I'm not convinced that merely being spiritually minded would reduce your prestige - especially amongst *other* people who are also spiritually minded. Even more so with the flavour text stating that to this culture "Spirituality is the only way forward in a harsh and uncaring world" - such that they see it as the "correct" and thus most prestigious way forward, since they don't value other approaches.
Development penalties also strike me as generally bad. It's one of the major factors in why Insular Christianity is considered bad, because it's inherently crippling, since it then rolls over into innovations and thus tech progress, as well as overall wealth.



I see no reason for this to make sense at all.



So, we've got a warrior culture that trains a higher proportion of its population to take up the sword, but it's harder to recruit people to take up the sword?
Yes, you lose some to the mercenary companies, but that's counterbalanced by having more potential warriors overall in the society.



Logical for some hostile schemes, not so logical for others.

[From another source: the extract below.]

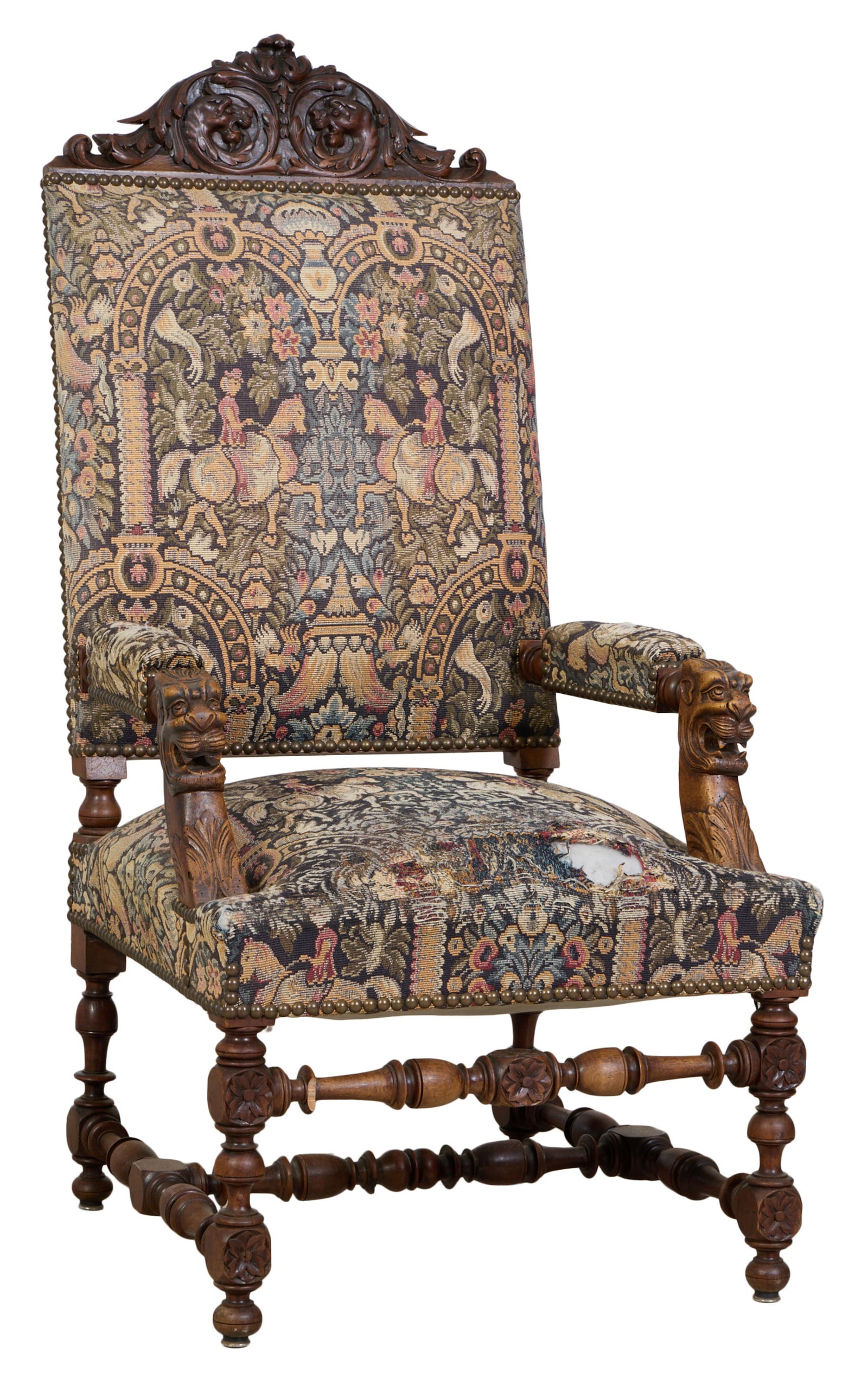 French Louis XIII Style Carved Walnut Throne Chair, late 19th c., H.- 51 1/4 in., W.- 26 in., D.- 27 (1 of 5)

Abducting someone on the pretext that you've invited them to enjoy your hospitality *could* be easier.



Since one part of the trait *raises* levy size in some cases, this is effectively just removing one of the strengths of the trait.



Falls into the same problem as my Nile example earlier if you also have a reason for a heavy armour foot tradition.
Say you've got a history of heavy foot supported by archers.

To each its own and certainly for the sake of argument one can find drawbacks in almost all bonuses or penalties being presented.
Had I the patience to do it, I certainly could defend my choices with the same level of savvy as you criticize them. Easy to come up with the arguments either to criticize or to support them. But I *do* confess I did all the bonuses on the fly while answering your post, without giving much thought to each. It is dead easy to come up with penalties for each Ethos & Tradition, based on the bonuses each gives and its character.

What is certain is that with bonuses mostly, game balance will be even more tilted as the player is the one who will take mostly the advantages given. And even in 1.4 game balance is already quite poor, in my opinion, with lots of bonuses and gameplay far too much "sugared" with all sorts of positive modifiers.
Also having penalties to consider when making the option of picking Ethos & Traditions would increase the dilemma faced and the complexity of the choices presented to the player, thus would be a good gameplay element.